Our lead acid battery bank may—or may not—be wearing out (see Is It Time for a New Battery Bank?). Back in October or November, we decided to work toward replacing it, not just with new lead acid batteries, but a whole new—or, I should say, old kind of battery.
Back in 2013 I wrote about the “other” battery bank in the outhouse when we first arrived (see Buried Treasure?). At that time, I thought that these batteries might be Edison nickel-iron batteries.
In hindsight, I loaded that essay with misinformation. I described nickel-iron batteries as “lead acid.” They are not. They are nickel-iron, as the name implies, and their electrolyte is alkaline, not acid. I also learned later that the batteries had not frozen and broken, they had just lost their electrolyte. They are in excellent shape, but they are not nickel-iron. I asked the original owner, who referred me to the neighbor he’d gotten them from, who confirmed that they’re a variety of lead-acid battery.
When we started looking at how to replace our current batteries, we looked again at nickel-iron batteries, and decided that we should switch to this new/old technology.

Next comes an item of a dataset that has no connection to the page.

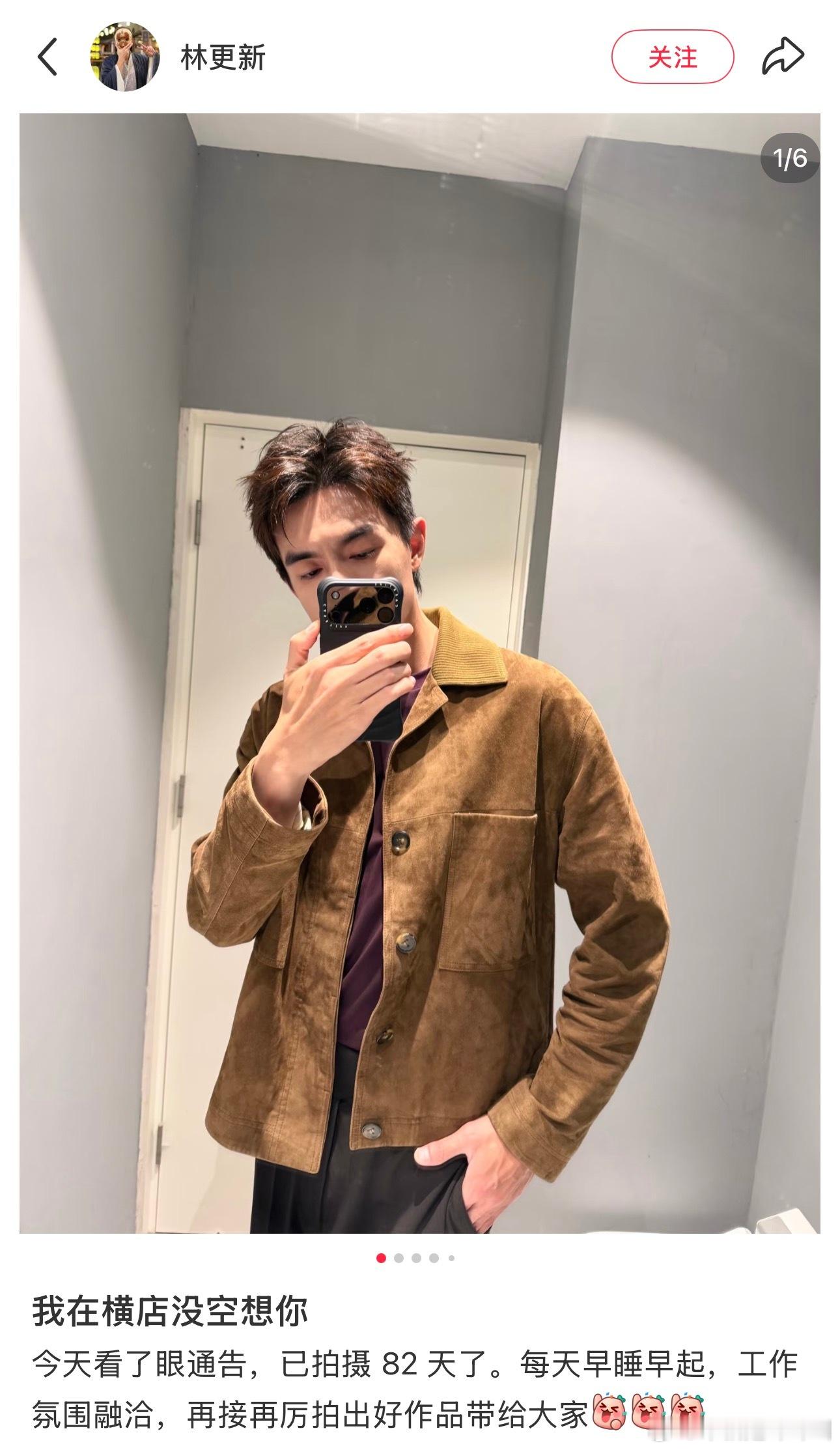 红薯这次让我我笑到了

Thomas Edison invented the nickel-iron (Ni-Fe) battery, often referred to as the Edison battery, at the turn of the previous century. Supposedly, some of his first production batteries are still powering a building in New Jersey, more than 100 years later!
The general consensus is that this battery is one of those inventions we all gossip about that does its job so well for so long that manufacturers stop making them, simply because no one needs to replace them when they wear out! As such, they virtually disappeared, but are coming back.
Nickel-iron batteries can last for years with little more than a periodic electrolyte replenishment (about every 5 years, according to our supplier). If we treat them right, this new battery bank could last the rest of our lives, and possibly Aly’s as well.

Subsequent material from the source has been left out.